# What you are asked to do
Return, with both end lines included, exactly what the data below holds from the line with "Фигурка Funko POP! Big Mouth: Nick, (32175)" through the line with "Secret Class Uncensored - Chapter 139 23", though not the pictures.

# Input material
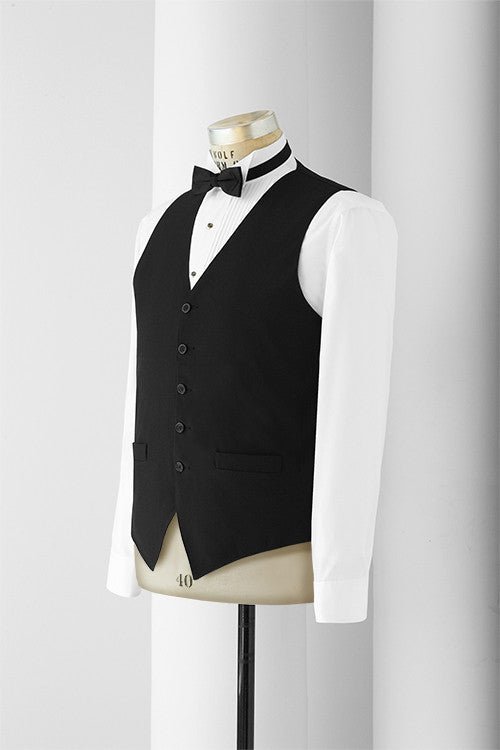 Neil Allyn Men's 5 Button Vest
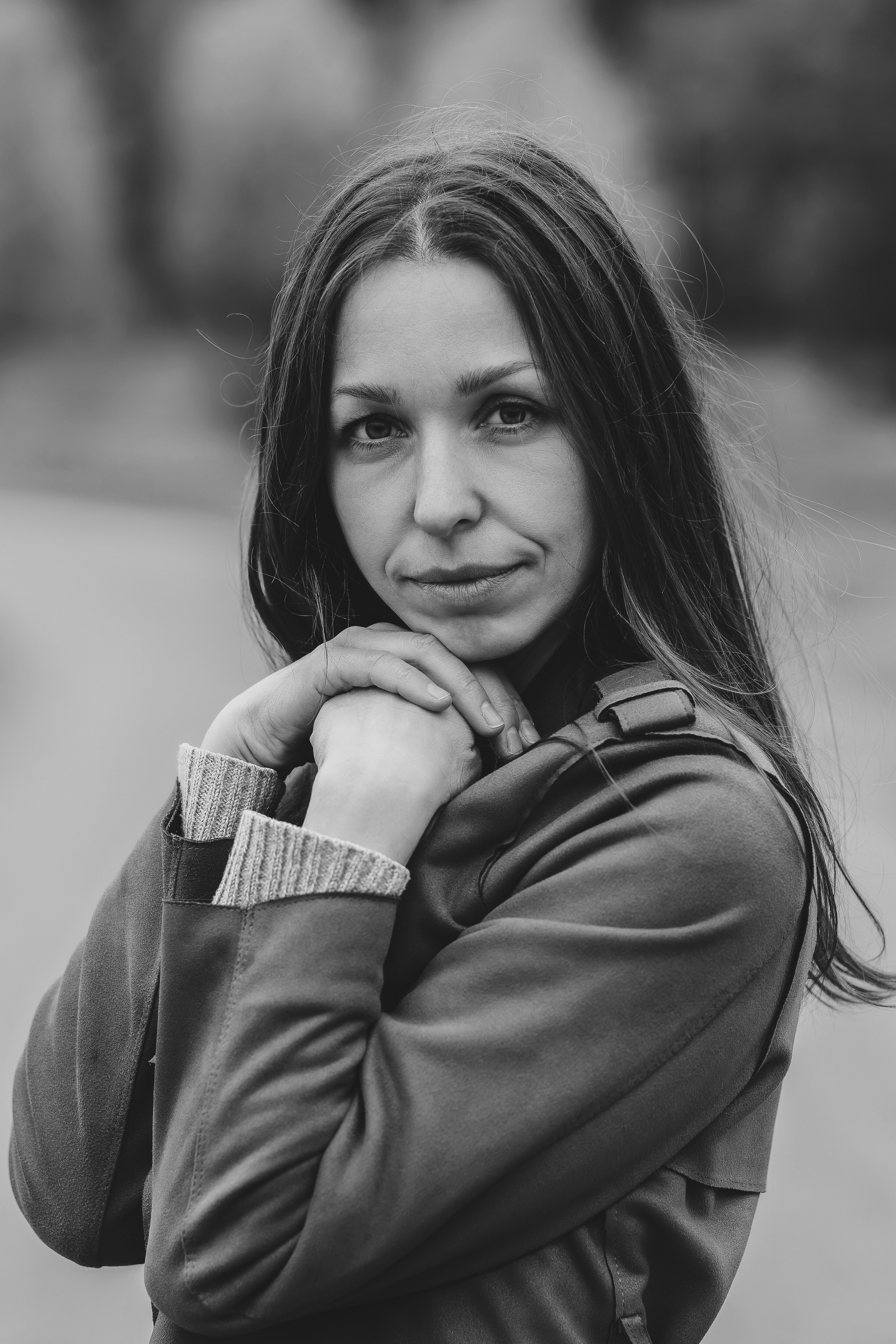 Осенняя Фотосессия в парке. Семейный и женский фотограф в Москве Надежда Воробьева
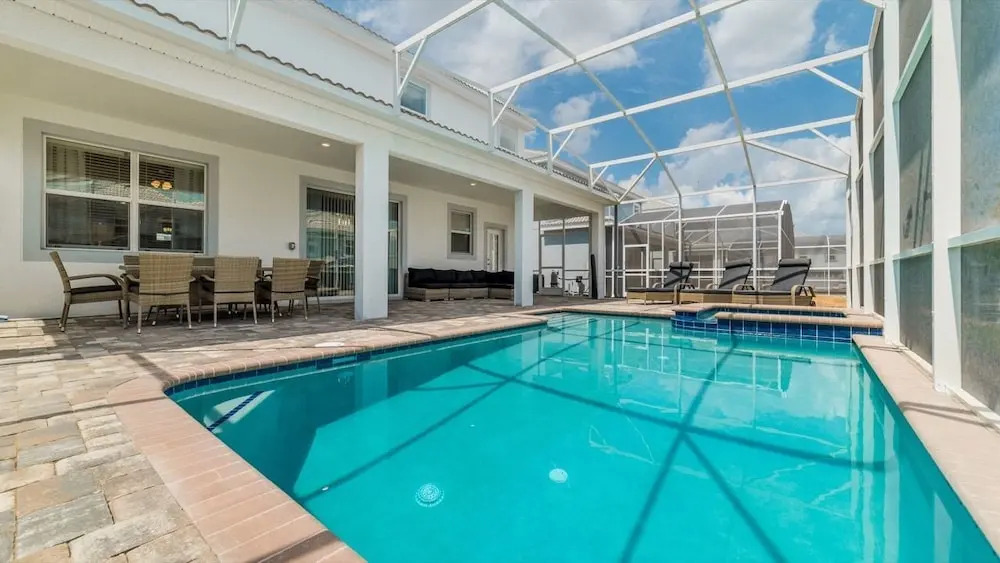 Grhhzd9088 - Champions Gate Resort - 9 Bed 5 Baths House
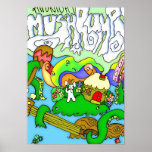 A Mushrumps Poster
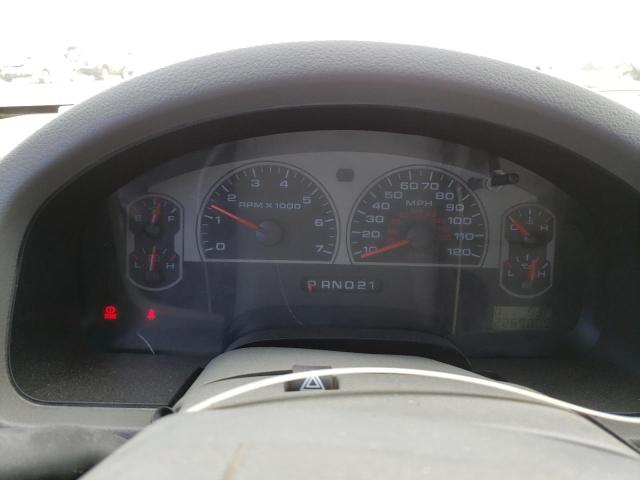 Photo 9 from auction – 2008 FORD F150 with VIN 1FTPX14V18FA82674
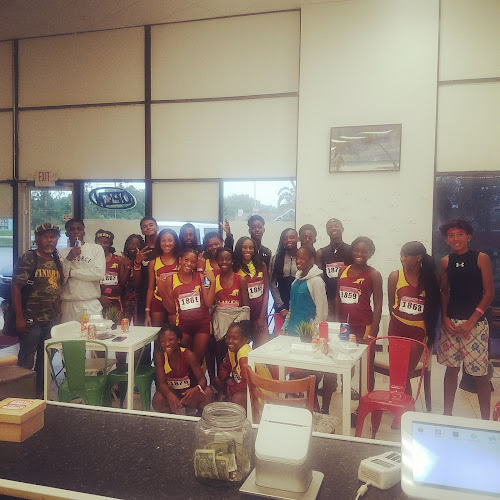 Jonae's Island Twist - Kissimmee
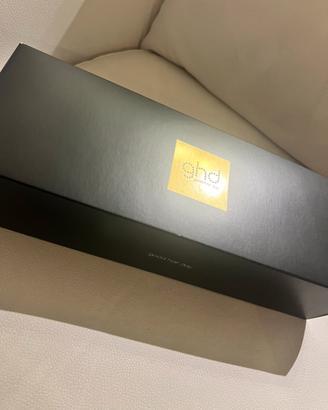 piastra ghd limited gold icy blue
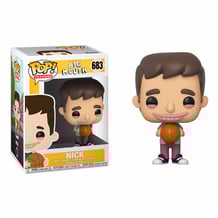 Фигурка Funko POP! Big Mouth: Nick, (32175)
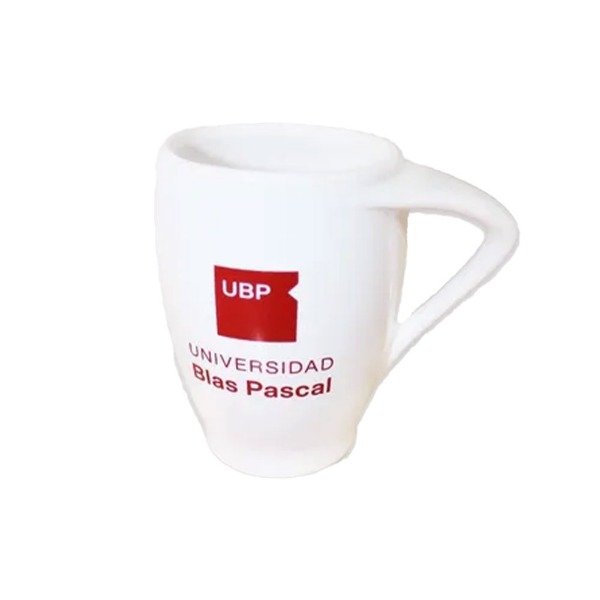 Producto - Taza Latte Simple - Blanca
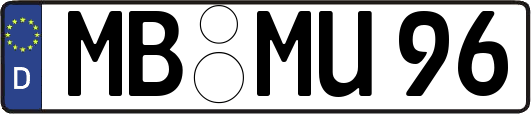 MB-MU96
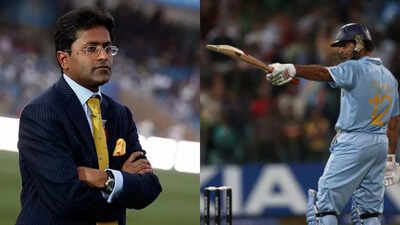 'I want my Porsche': Yuvraj Singh's sixes are now batting with Lalit Modi-Why is it here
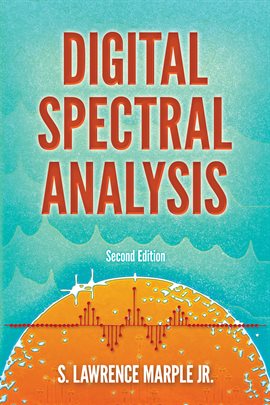 Cover image for Digital Spectral Analysis
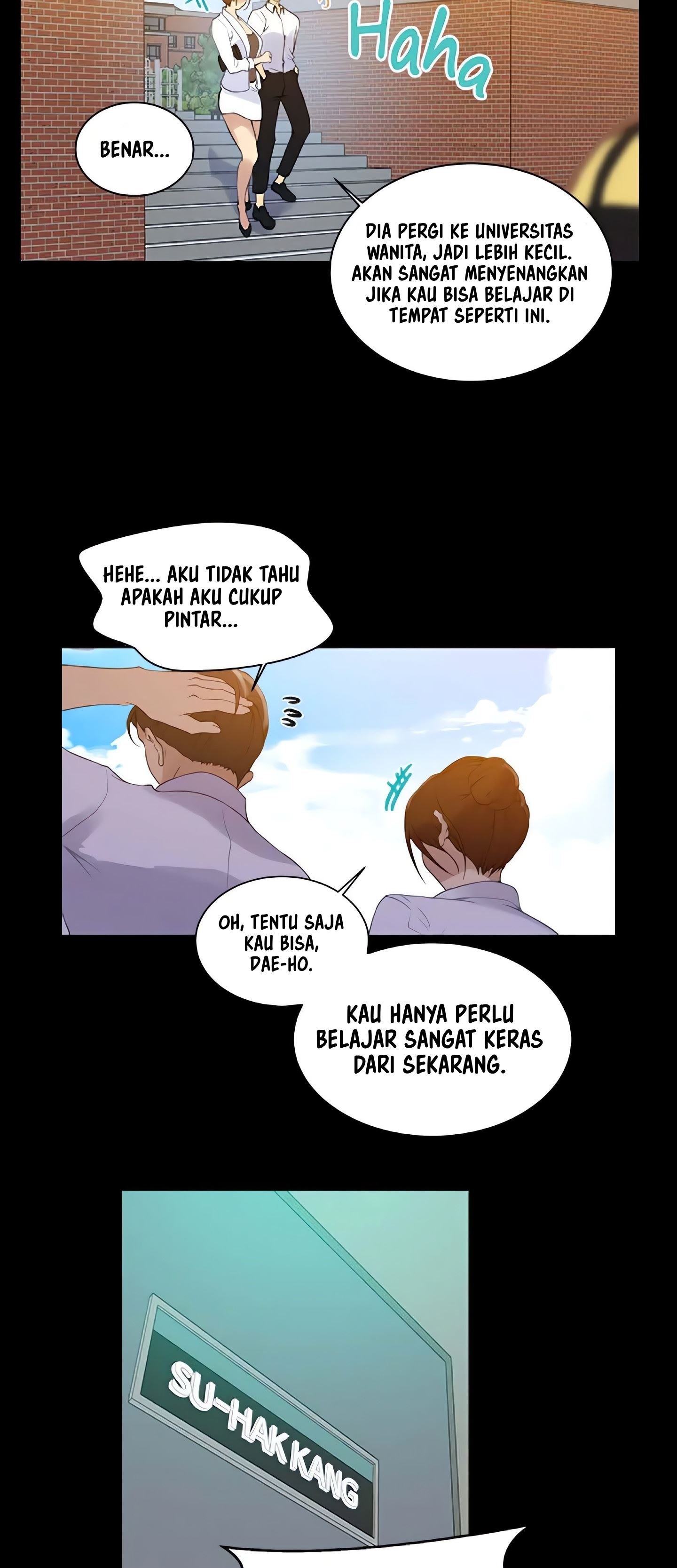 Secret Class Uncensored - Chapter 139 23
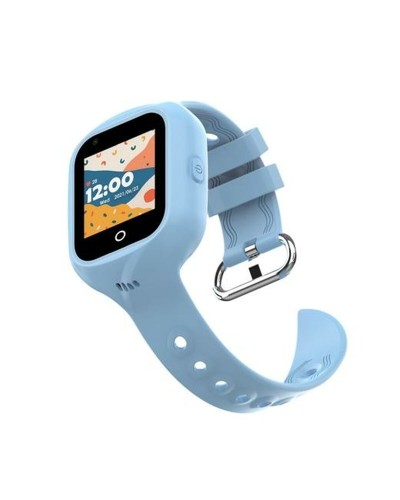 Lasten älykello Celly KIDSWATCH4G 1,4" Musta Monivärinen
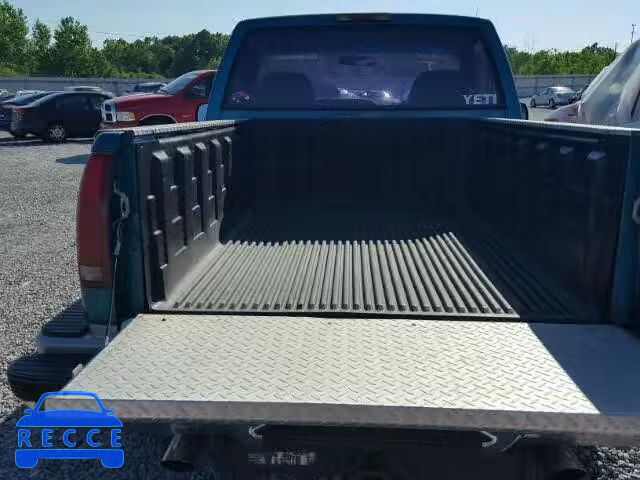 1995 GMC SIERRA K15 1GTEK14K8SZ566200 image 5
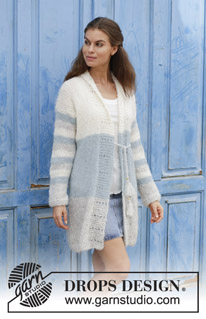 Free patterns using DROPS Melody / DROPS 186-39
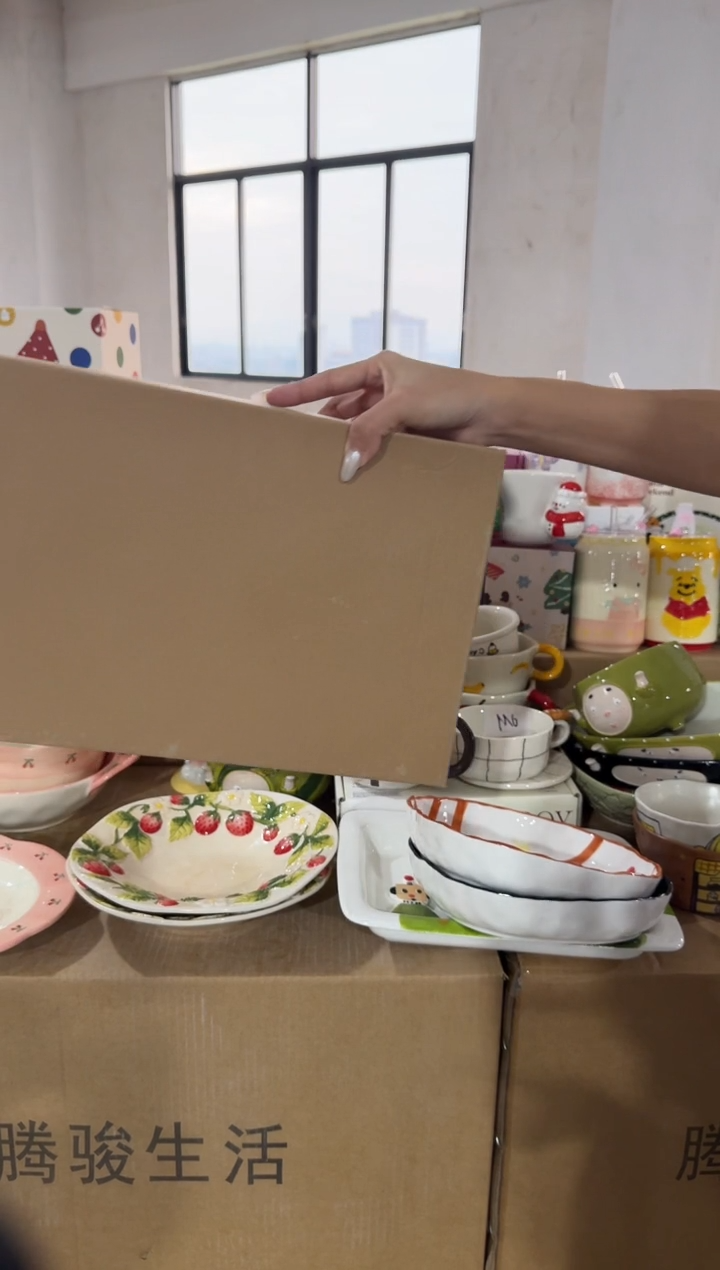 瓷【唯品瓷】工厂溯源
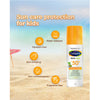 Cetaphil Sun Kids Liposomal Lotion SPF 50+ Sunscreen with Water Resistant, Hypoallergenic & Fragrance Free - 150ml - Dezine Kids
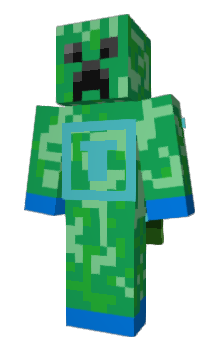 Minecraft скін по ніку lijing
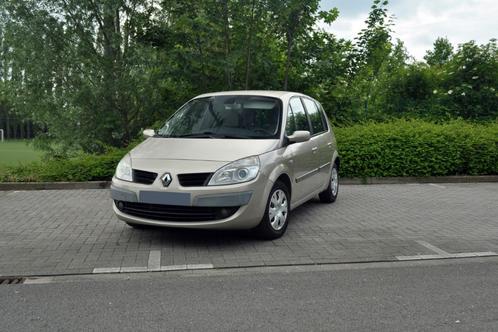 Renault Scenic 5-portes diesel euro 4, prêt à immatri contrô, Autos, Renault, Particulier, ABS, Airbags, Air conditionné, Ordinateur de bord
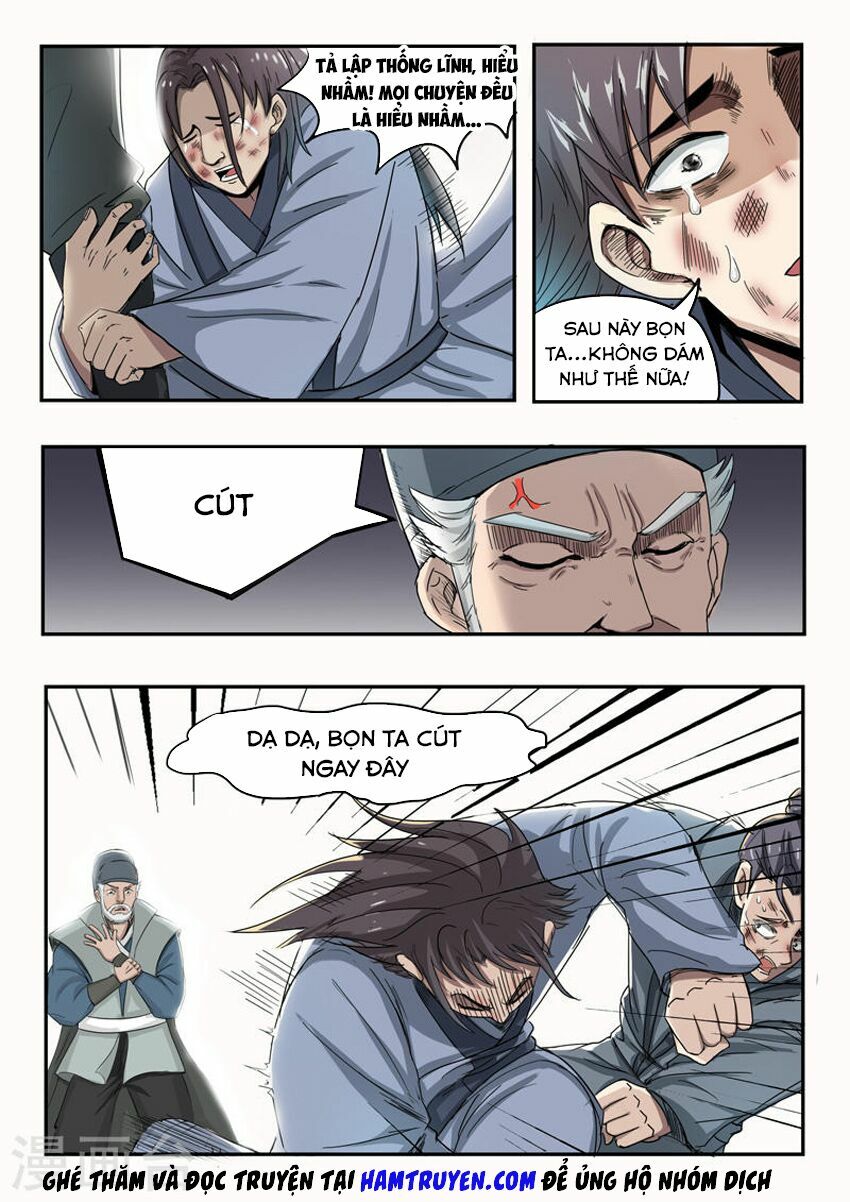 Võ Thần Chúa Tể: Chapter 236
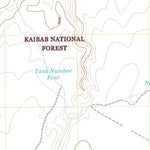 United States Geological Survey Buffalo Ranch, AZ (2021, 24000-Scale) digital map
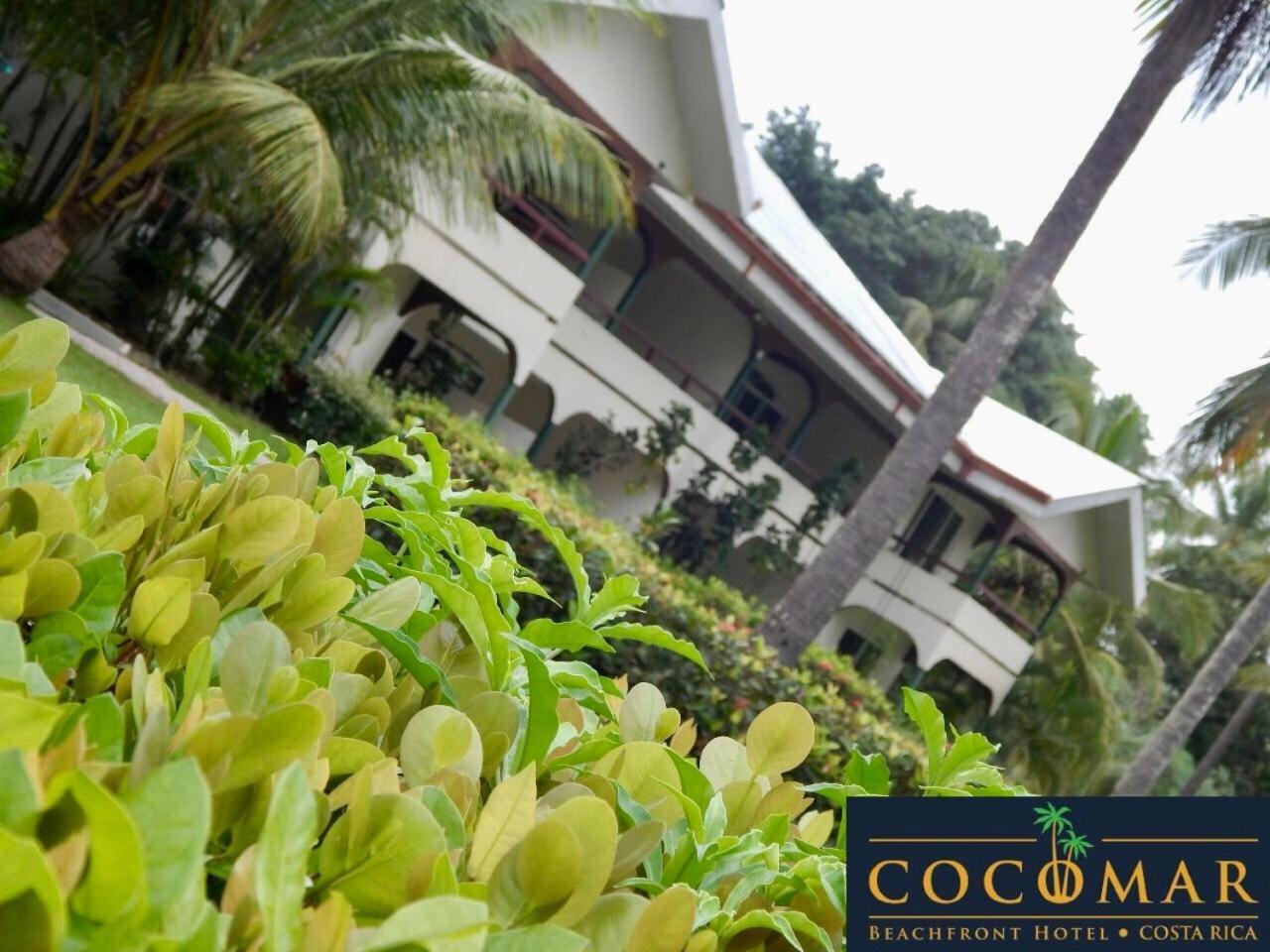 Cocomar Beachfront Hotel 帕里塔 外观 照片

# Answer to this task
 Фигурка Funko POP! Big Mouth: Nick, (32175)
 Producto - Taza Latte Simple - Blanca
 MB-MU96
 'I want my Porsche': Yuvraj Singh's sixes are now batting with Lalit Modi-Why is it here
 Cover image for Digital Spectral Analysis
 Secret Class Uncensored - Chapter 139 23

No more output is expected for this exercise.